The viral control of cellular acetylation signaling.

It is becoming clear that the post-translational modification of histone and non-histone proteins by acetylation is part of an important cellular signaling process controlling a wide variety of functions in both the nucleus and the cytoplasm. Recent investigations designate this signaling pathway as one of the primary targets of viral proteins after infection. Indeed, specific viral proteins have acquired the capacity to interact with cellular acetyltransferases (HATs) and deacetylases (HDACs) and consequently to disrupt normal acetylation signaling pathways, thereby affecting viral and cellular gene expression. Here we review the targeting of cellular HATs and HDACs by viral proteins and highlight different strategies adopted by viruses to control cellular acetylation signaling and to accomplish their life cycle.

Tat-controlled protein acetylation.

Human immunodeficiency virus, type 1-encoded transactivator protein Tat is known to be a substrate of and to interact with several nuclear histone acetyltransferases (HATs). Here we show that Tat is a general inhibitor of histone acetylation by cellular HATs and that for at least one of them, the CREB-binding protein (CBP), it induces a substrate selectivity.
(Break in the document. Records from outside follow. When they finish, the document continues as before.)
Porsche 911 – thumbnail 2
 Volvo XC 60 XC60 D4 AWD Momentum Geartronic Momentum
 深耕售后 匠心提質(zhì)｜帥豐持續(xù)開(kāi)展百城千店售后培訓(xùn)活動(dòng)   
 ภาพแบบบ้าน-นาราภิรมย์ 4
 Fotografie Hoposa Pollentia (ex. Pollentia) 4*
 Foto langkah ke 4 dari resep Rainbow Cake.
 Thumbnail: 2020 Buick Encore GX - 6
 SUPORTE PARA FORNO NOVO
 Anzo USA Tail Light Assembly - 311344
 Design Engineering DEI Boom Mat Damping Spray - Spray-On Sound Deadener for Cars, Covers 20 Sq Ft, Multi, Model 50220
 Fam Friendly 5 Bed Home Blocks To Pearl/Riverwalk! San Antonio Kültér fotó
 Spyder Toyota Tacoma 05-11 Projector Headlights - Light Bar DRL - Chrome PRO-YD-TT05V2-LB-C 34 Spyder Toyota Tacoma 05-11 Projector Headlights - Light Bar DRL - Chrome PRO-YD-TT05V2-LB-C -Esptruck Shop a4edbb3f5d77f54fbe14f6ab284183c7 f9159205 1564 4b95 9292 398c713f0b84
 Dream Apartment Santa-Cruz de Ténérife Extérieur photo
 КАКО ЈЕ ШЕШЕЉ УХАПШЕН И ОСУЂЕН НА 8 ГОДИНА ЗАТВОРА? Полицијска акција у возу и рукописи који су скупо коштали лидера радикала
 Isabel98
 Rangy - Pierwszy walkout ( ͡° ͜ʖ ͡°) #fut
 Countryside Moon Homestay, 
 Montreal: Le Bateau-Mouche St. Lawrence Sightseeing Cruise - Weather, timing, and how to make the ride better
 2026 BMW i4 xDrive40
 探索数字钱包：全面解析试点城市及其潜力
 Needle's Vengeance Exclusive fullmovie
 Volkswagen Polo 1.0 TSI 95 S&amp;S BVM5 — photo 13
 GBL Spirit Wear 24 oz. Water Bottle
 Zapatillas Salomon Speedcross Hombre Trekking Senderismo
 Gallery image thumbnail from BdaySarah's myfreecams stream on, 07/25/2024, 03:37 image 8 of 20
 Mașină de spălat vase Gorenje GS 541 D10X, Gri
Indeed, in the presence of Tat, the acetylation of histones by CBP was severely inhibited, while that of p53 and MyoD remained unaffected. The C-terminal domain of Tat, dispensable for the activation of viral transcription, was found to be necessary and sufficient to interfere with histone acetylation. These results demonstrate that Tat is able to selectively modulate cellular protein acetylation by nuclear HATs and therefore to take over this specific signaling system in cells.

Cdyl: a new transcriptional co-repressor.

Cdyl (chromodomain-Y-like) is a chromodomain-containing protein that is predominantly expressed during mouse spermiogenesis. In its carboxy-terminal portion, there is a domain with homology to the coenzyme A (CoA) pocket of the enoyl-CoA hydratase/isomerase, which is shown here to be able to bind CoA and histone deacetylases (HDACs). It also efficiently represses transcription. Moreover, the binding of Hdac1 represses the ability of Cdyl to bind CoA, and a Cdyl-CoA interaction only occurs in the absence of HDACs. These data suggest that Cdyl is primarily a transcriptional co-repressor. However, the degradation of cellular Hdac1 and Hdac2, as observed here in the elongating spermatids, may provide an HDAC-free environment in which Cdyl could bind CoA and participate in the global chromatin remodelling that occurs in these cells.